L'8 settembre sarà certamente un giorno particolare: il comico genovese lo ha chiamato Vaffanculo Day (locuzione 'sdoganatà di recente dalla Cassazione) per protestare contro i politici condannati in via definitiva e che siedono sugli scranni del Parlamento, sostenere con una mega raccolta di firme la proposta di legge popolare per 'cacciarlì dal Palazzo e soprattutto esprimere un crescente disagio e una profonda stanchezza per una politica che, secondo Grillo, è sempre più autoreferenziale e lontana anni luce dai cittadini e dalle loro attese. E dalla Rete, in maniera didascalica, Grillo spiega agli internauti il senso della speciale giornata: l’obiettivo dell’otto settembre è la raccolta di firme per una legge di iniziativa popolare per un Parlamento Pulito; la legge prevede la non eleggibilità dei pregiudicati, un massimo di due legislature e l’elezione diretta del candidato; la proposta di legge popolare è stata presentata alla Cassazione in luglio.
«Perché ho scelto di non fare una sola manifestazione a Roma, ma in tutta Italia? Il V-Day – risponde – è un virus, deve arrivare dappertutto, non in una sola città». «L'8 settembre – spiega Grillo – sarà il giorno del Vaffanculo day, o V-Day. Una via di mezzo tra il D-Day dello sbarco in Normandia e V come Vendetta. Si terrà sabato otto settembre nelle piazze d’Italia, per ricordare che dal 1943 non è cambiato niente. Ieri il re in fuga e la Nazione allo sbando, oggi politici blindati nei palazzi immersi in problemi culturali. Il V-Day sarà un giorno di informazione e di partecipazione popolare». Grillo l’8 sarà a Bologna, in Piazza Maggiore, per uno spettacolo-manifestazione che inizierà nel pomeriggio. Il comico va avanti come una ruspa su un percorso intrapreso molti anni fa e proseguito nei teatri di tutta la penisola con i suoi spettacoli sempre più graffianti e incisivi nel denunciare e mettere a nudo gli scandali italiani. Ma è stato il web a segnare la svolta strategica per le sue battaglie che ora saranno raccolte anche in un libro di prossima uscita: da Parlamento Pulito alla Val di Susa per proseguire con Unipol, la risorsa acqua, la Borsa, le Primarie dei cittadini, Fazio, l'indulto, la Telecom, il precariato (Schiavi moderni), gli Inceneritori, Via dall’Iraq.

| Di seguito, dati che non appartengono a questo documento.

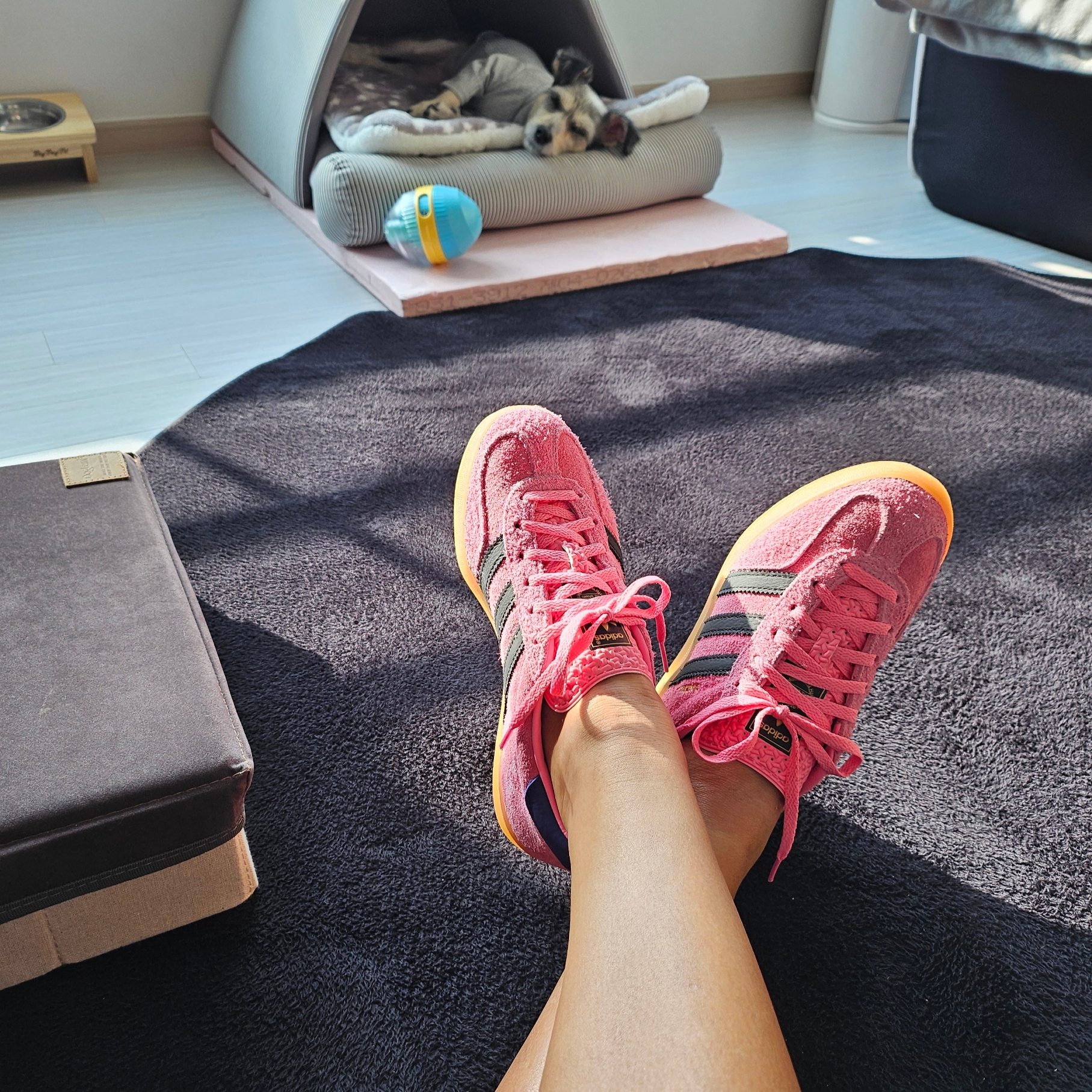 (W) Adidas Gazelle Indoor Bliss Pink 착용 스타일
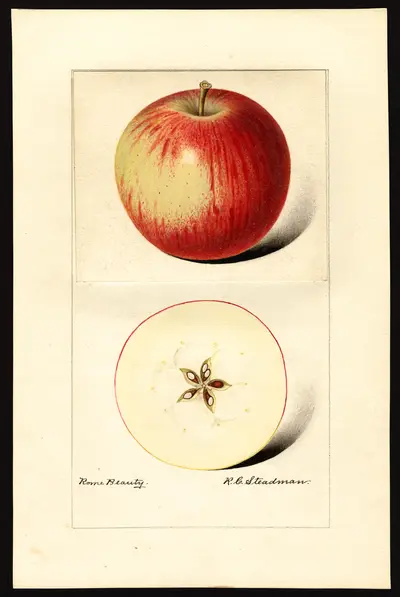 USDA watercolor illustration of Rome Beauty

«Combattere una battaglia è bello. Che si perda o che si vinca – dice Grillo da suo celebre blog – rimane il gusto di averci provato. Stare a guardare le porcherie della vita che ci scorrono accanto e non fare nulla, non dire nulla, è avvilente. Toglie linfa al nostro organismo. Diventiamo un pò più verdi, un po' più grigi, un po' più neri, assumiamo i colori di una televisione disturbata. E qualche volta saltiamo. Spariamo al vicino di casa. Facciamo a pezzi la famiglia. Buttiamo massi da un ponte autostradale. È l'autorepressione che ci lavora dentro. Giorno dopo giorno. Telegiornale dopo telegiornale. Le battaglie è meglio vincerle, certo, ma per farlo bisogna impegnarsi un secondo in più dell’avversario. Vivere per quel secondo in più è l’obiettivo del cittadino combattente. In questi tre anni – prosegue – ho combattuto più battaglie del generale Patton nella Seconda Guerra Mondiale. Per Patton era più facile, lui doveva solo affrontare i nazisti e avanzare verso est. In Italia è più complicato, i nemici sono inestricabili, così integrati con la realtà da confondersi con essa».